● **What you are asked to do**: Your answer must be an exact transcription of the data, with every picture omitted.

● **Material provided**:
○ ○ ○ ○ ○
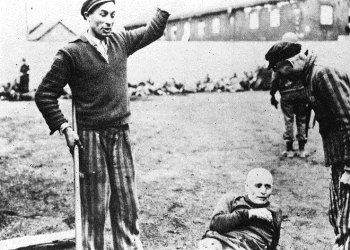 Newly liberated Dachau prisoners jeer a prostrate German prison guard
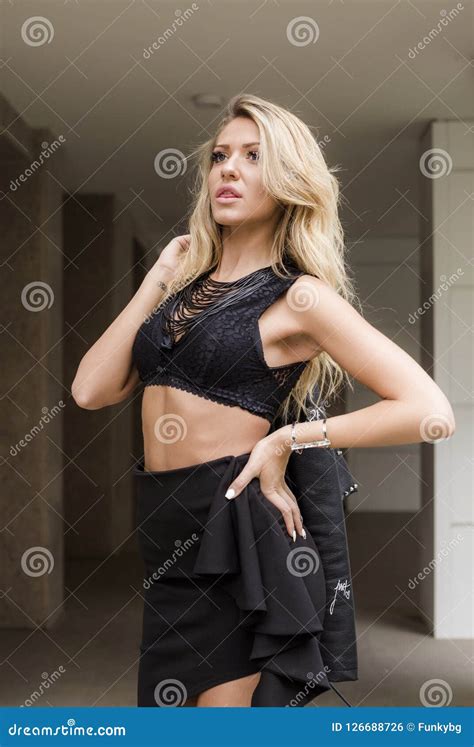 Beautiful Woman With Blonde Hair In Black Clothes Posing Stock Photo Image Of People Pretty
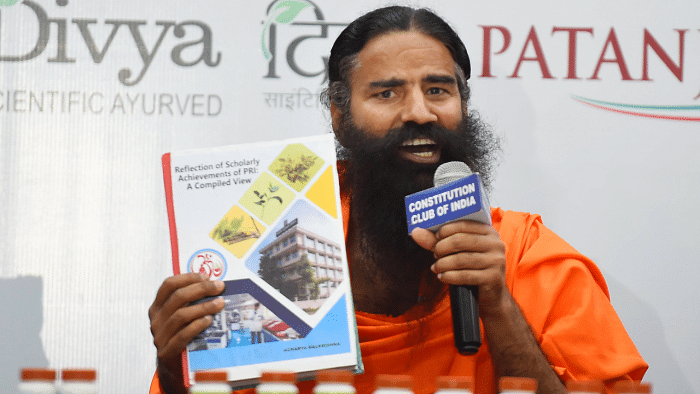 Baba Ramdev releases the scientific research papers on the Patanali medicine for Covid-19. Credit: PTI Photo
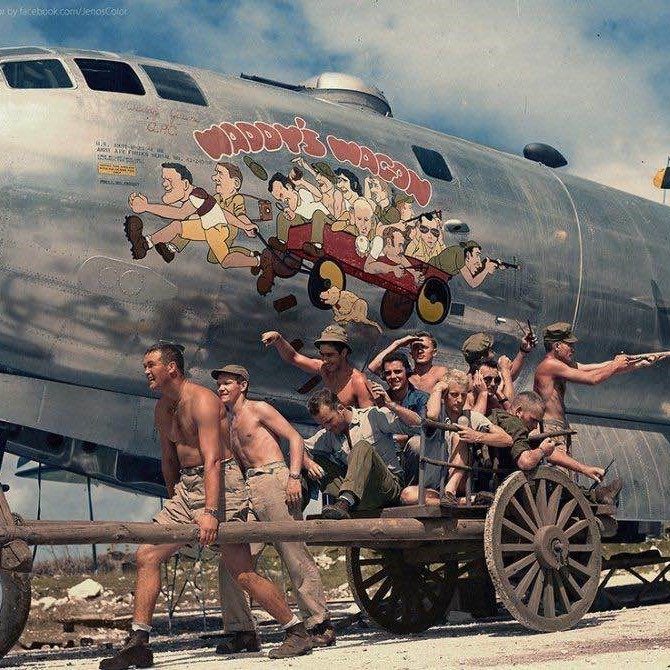 Colorized photo of Captain Walter Young and his crew in front of their caricatures on their B-29 Superfortress, 1944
○ ○ ○ ○ ○
● **Written solution**:
 Newly liberated Dachau prisoners jeer a prostrate German prison guard
 Beautiful Woman With Blonde Hair In Black Clothes Posing Stock Photo Image Of People Pretty
 Baba Ramdev releases the scientific research papers on the Patanali medicine for Covid-19. Credit: PTI Photo
 Colorized photo of Captain Walter Young and his crew in front of their caricatures on their B-29 Superfortress, 1944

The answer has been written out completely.